BOLAHITA, BANTUL - Ujian tak mudah tengah dijalani kontestan GO-JEK Liga 1 2018, PS Tira. Ini karena persiapan tim dengan julukan The Young Warriors ini jelang laga pekan ke-14 melawan Sriwijaya FC pada Jumat 6 Juli 2018 mendatang dilalui tanpa sosok pelatih kepala.
Sebagaimana diketahui bahwa usai mengistirahatkan pelatih Rudy Eka Priyambada, hingga saat ini PS Tira masih belum memiliki sosok pelatih kepala. Dua laga PS Tira tanpa pelatih kepala dilalui saat harus meladeni Barito Putera dan Persija Jakarta.

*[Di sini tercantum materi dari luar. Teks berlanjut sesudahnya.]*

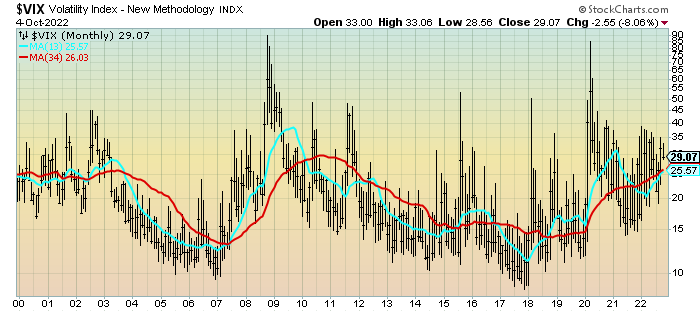 VIX Monthly chart from 2000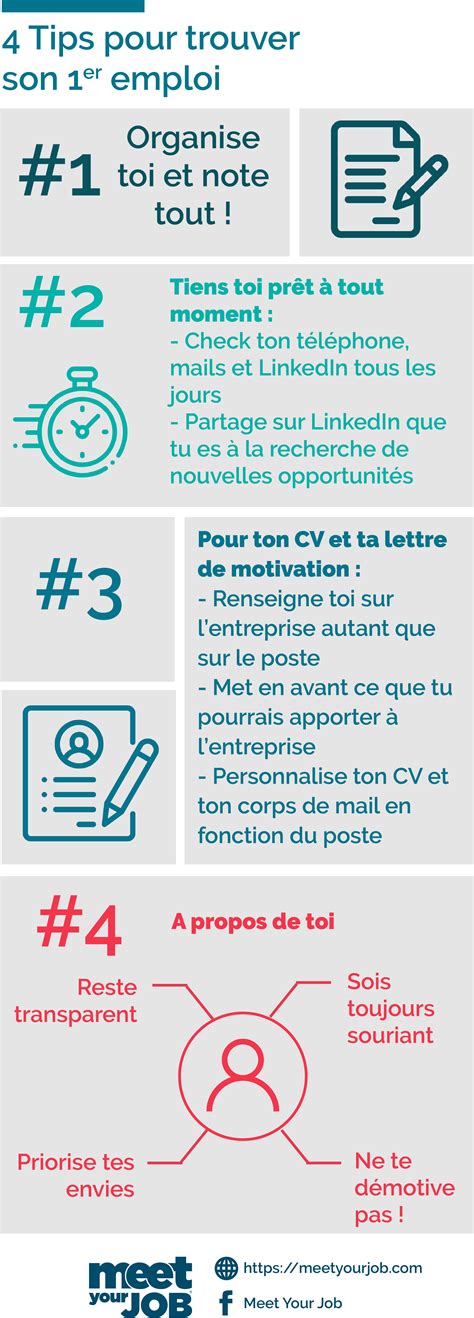 INFOGRAPHIE 4 Tips Pour Trouver Son Premier Emploi MeetYourJob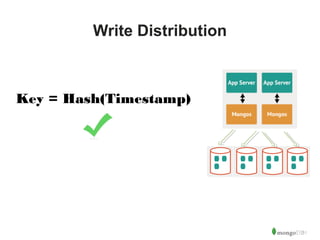 31 
Write Distribution 
Key = Hash(Timestamp) 
 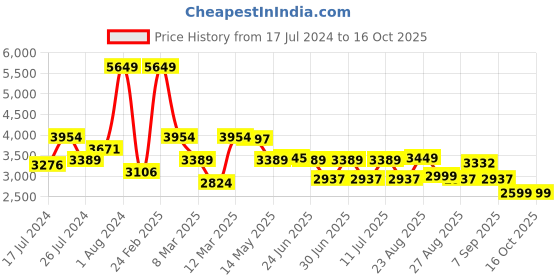 myntra.com SWAYAM Pink & Black Ethnic Motifs Mild Winter 150 GSM Double Bed Comforter swayam Price History Graph from 17 Jul 2024 to 16 Oct 2025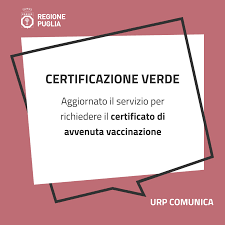 Quando serve e quali dati contiene. Facebook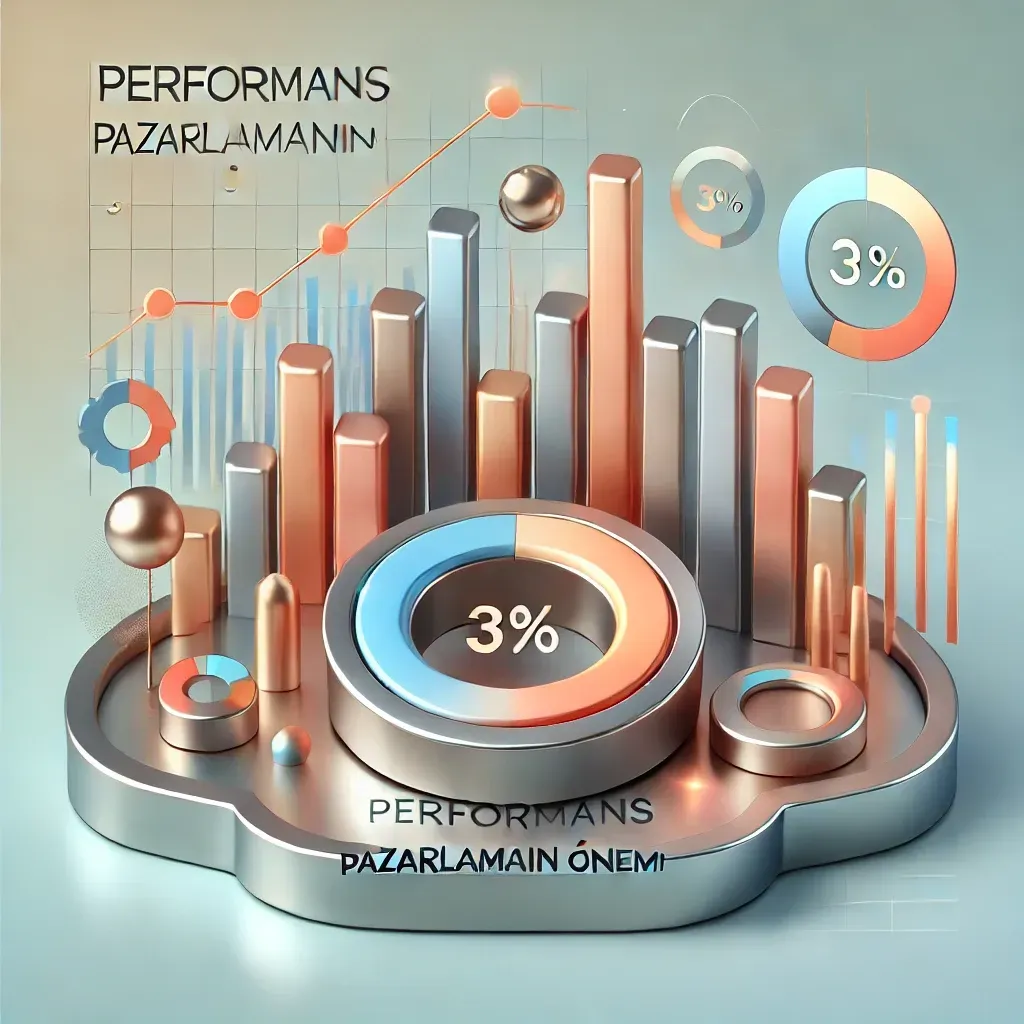 Antalya'da performans odaklı reklam analitiği: Raporlama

Sempat mencuri perhatian usai menang 1-0 dari Barito Putera, Manahati Lestusen dkk justru harus menanggung malu lantaran dibantai 0-5 oleh Persija Jakarta.
Pada dua laga ini, PS Tira dipimpin oleh pelatih sementara yakni Miftahudin Mukson. Namun masalah kemudian muncul saat Miftahudin harus menjalani kepentingan bangsa karena harus mengawal timnas U-19 di arena Piala AFF 2018 sebagai asisten pelatih dari Indra Sjafri.
Bahkan makin padat saat Miftahudin saat ini tengah menjalani kursus pelatih lisensi A AFC di Yogyakarta. Akhirnya sejak latihan perdana usai libur Lebaran, PS Tira hanya dipimpin oleh asisten pelatih Gaselly Jun Panam.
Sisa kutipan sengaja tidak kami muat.